I hope you are having a most pleasant Sunday, my magnificent horde. (Or, if it’s not Sunday when and where you are, a most pleasant whatever-day-it-happens-to-be.)

As I go about the work of realigning my schedule and my priorities to better accommodate the business of writing, one thing stands out to me in a way I didn’t expect. So today I’d like to spend a few words talking about my experiments in creative self-care. Plus also—an obligatory cat anecdote, since my stats tell me you guys love cat posts, and especially cat posts on Sundays.

And because I am kind and merciful, I’ll tell you the cat thing first.

Cat Stuff

Lately the cats have been on a diet. The vet pointed out that Agnes, who is a very small kitty, has put on a little weight is basically attempting to transform herself into Tetsuo from Akira or maybe Jabba the Hutt. She accomplishes this by stealing Kane’s food whenever possible and then pretending she is famished so we will feed her again. I do my best to watch them at mealtimes, but Agnes’s SNEAK is up to like 99 or 100, and she can slip in, wolf down Kane’s breakfast, and be away before I notice.

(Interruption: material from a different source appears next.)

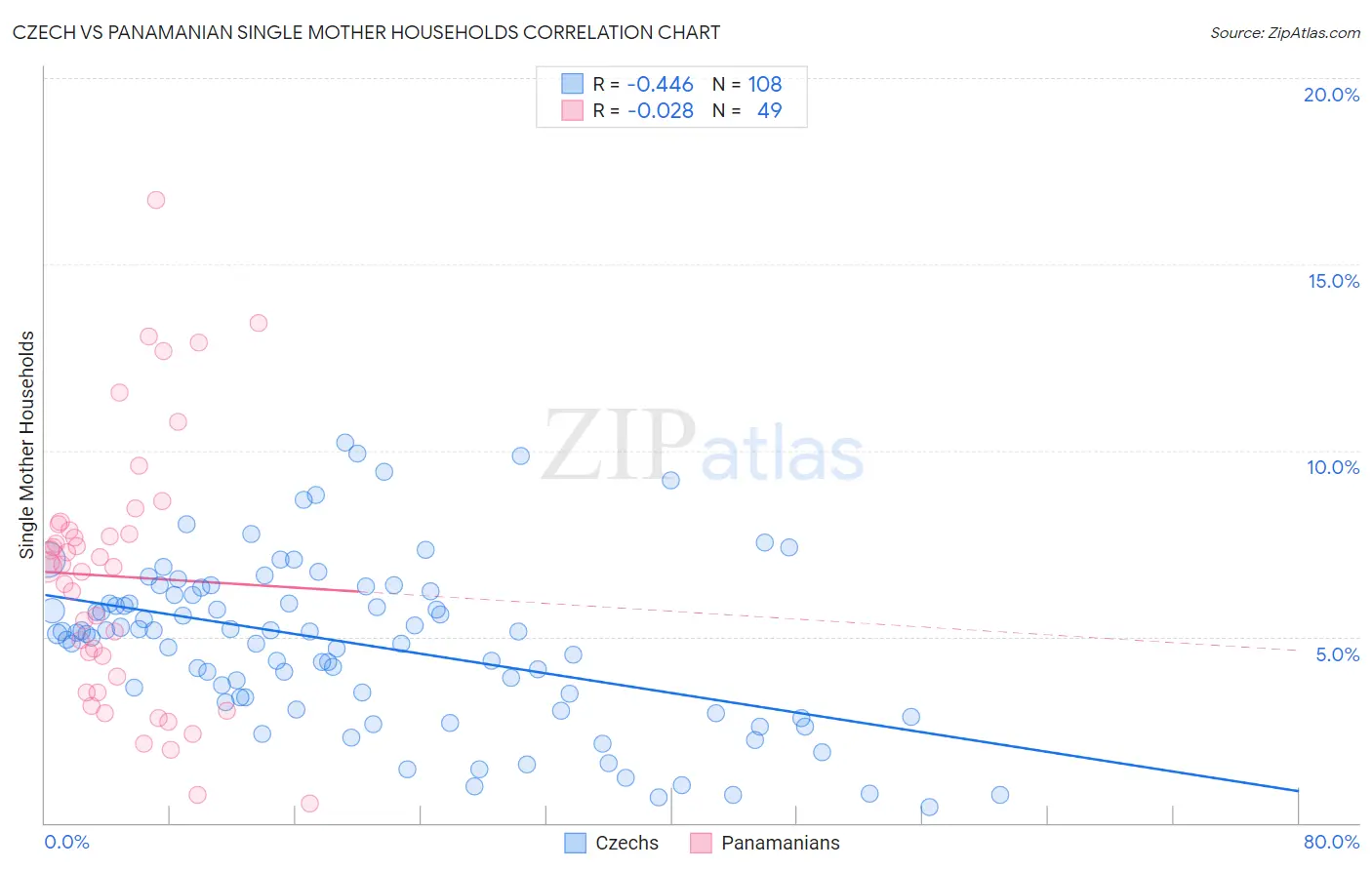 Czech vs Panamanian Single Mother Households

So per the doctor’s orders, both cats have been condemned to eat low-calorie, extra-filling crunchyfood (we allow them to free-feed because they stress out if they can’t), and Agnes’s squishyfood portions have been radically reduced. We’ve also wrestled them into a much more conservative feeding schedule so they will eat what squishyfood they’re given right that minute and not leave any lying around in their bowls.

Thus far, it’s working, and Agnes has begun to de-puff just a bit (I wonder why). But she’s still phenomenally displeased with the arrangement and does everything in her power to subvert it.

Today around lunchtime, they got their midday squishyfood, which was promptly consumed. Agnes, of course, was displeased, and she was doubly displeased when she discovered that I had already collected Kane’s bowl and washed it.

So she licked the floor a couple of times—mournfully—and proceeded to give a few affectionate rubs to the fridge, where she knows the leftovers are kept.

Her overtures went unanswered, however, much to her displeasure.

Meanwhile, in the process of washing the lunch dishes, I noticed that the crunchyfood hopper needed replenishing, so I added some kibble.

Miraculously, this cured Agnes’s melancholy in an instant, since obviously the food I just added, which looks exactly like the food that was already there, will somehow be different. She headed straight to the hopper and began to partake, behaving as though I’d just dispensed the most precious thing in the world.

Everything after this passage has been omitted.